PROVIDED MATERIAL =
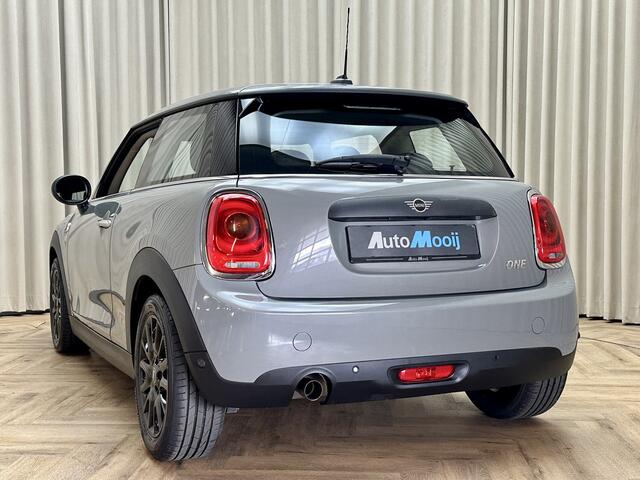 Mini ONE Mini 1.5 *Nardo Grey* Dealer Onderhouden / Navigatie / PDC / ECC Clima / Buetooth / 16"LMV
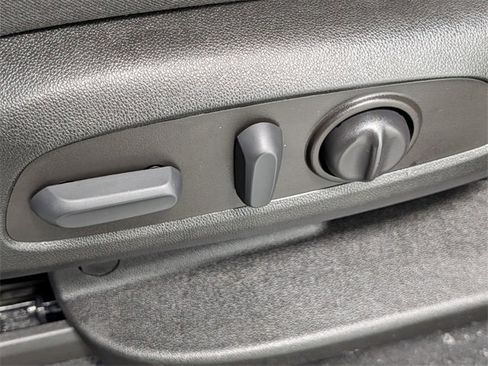 Certified 2022 Chevrolet Traverse LT w/ LPO, Blackout Package image 11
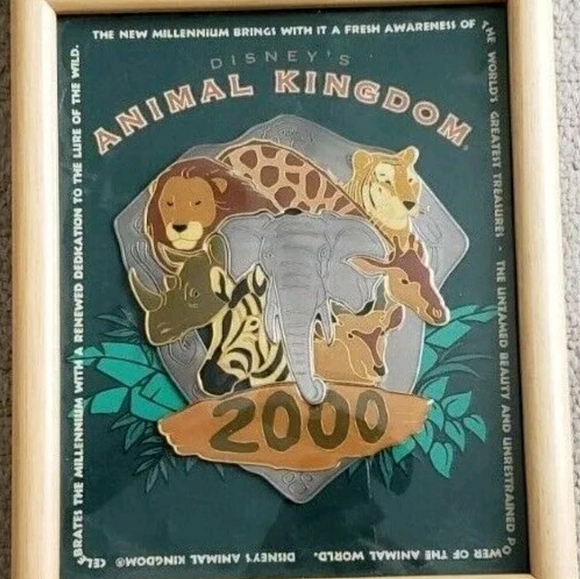 Disney ANIMAL KINGDOM 2000 Animal Heads Framed 9 Pin Set Display LE 700 - Picture 1 of 3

WHAT IS REQUIRED =
All of the lines above should be retyped precisely, apart from the pictures.

TASK RESULT =
 Mini ONE Mini 1.5 *Nardo Grey* Dealer Onderhouden / Navigatie / PDC / ECC Clima / Buetooth / 16"LMV
 Certified 2022 Chevrolet Traverse LT w/ LPO, Blackout Package image 11
 Disney ANIMAL KINGDOM 2000 Animal Heads Framed 9 Pin Set Display LE 700 - Picture 1 of 3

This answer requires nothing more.